Ever look at a circle drawn on a computer (for instance, in CAD)? It comprises tiny increments -- segments -- which simulate a circle. The more segments you use, the smaller the segments are, and the smoother the "circle" appears. In reality, a circle would also be made of increments -- atoms. Although atoms are much tinier increments than a computer could render, they're still increments, preventing the shape from exhibiting the infinite smoothness that defines a real circle.

Thus, for any real object to be infinitely smooth, it must be composed of infinitely small particles, counterbalanced by an infinitely large value of Pi. Because even the smallest particles contain mass and volume, this is impossible, and it explains why no one can deduce Pi's value. If someone ever does, it will be the key to discovering the size of the smallest possible particle in existence. And it will immediately disprove the existence of curves, and ultimately invalidate all of geometry's manifestation in reality. And logically, the reason a curve can't be infinitely smooth is the same reason a surface can't be infinitely thin.

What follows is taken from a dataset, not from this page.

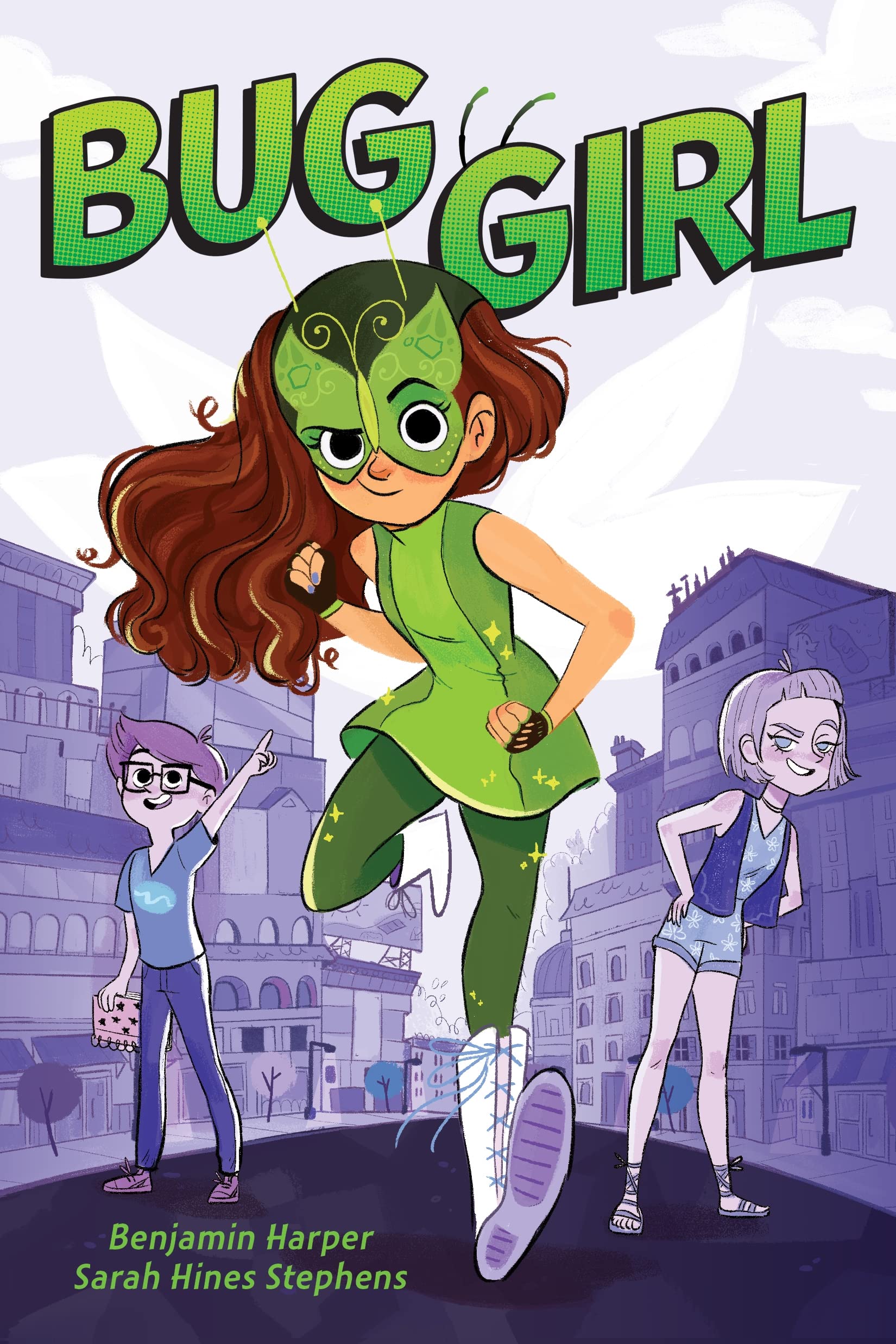 Bug Girl (Bug Girl, 1),Used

So, back to dimensions in general. I feel that they're all rubbish -- artificial concepts to help us understand the universe. The fourth dimension is laughable, and the fifth is...strange. Even the third dimension is an idea so obvious, inevitable, and synonymous with existence itself, that it needs no description outside of industrial applications.

Lastly, this atrocious excuse for a scientist contradicts himself by referencing gravity. The second dimension _defies_ gravity. And the only way the universe could exist two dimensionally, is if none of us ever actually saw, heard, felt, tasted or smelled anything, and we communicated with and experienced the universe solely through internally produced hallucinations. Basically...The Matrix sans the real world. And who the dick knows? Maybe that's true. But it's not what this guy's proposing. Besides, this scenario entails an immense psychological element probably beyond this guy's expertise.

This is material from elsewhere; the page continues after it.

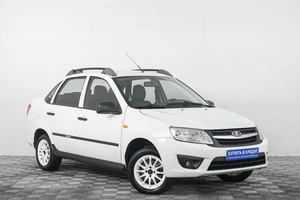 Седан ВАЗ (LADA) Granta 2014 года, 499000 рублей, Кемерово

Of course, I suppose it is possible (though unlikely) that his ideas are actually worthwhile, and they've just been misrepresented by a poor command of English.

"_And your world, is a very large, very bizarre place._"

Ha ha. If you only knew the truth, comrade...The thing's I've been up to since Seavey would turn a white man black, and a black man...blacker.

Irrelevantly, what the hell does <3 mean?


----------



## RAXL (Jul 9, 2004)

Charlie, I don't know if you've seen it yet, but if you haven't, you must check out a movie called "What the @!##$" . Pronounced What the Bleep, but spelt like an old comic book swear.


----------



## RAXL (Jul 9, 2004)

And, the question remains:
How does one explain Buckaroo Bonzai, and his amazing adventures across the eight dimension?


----------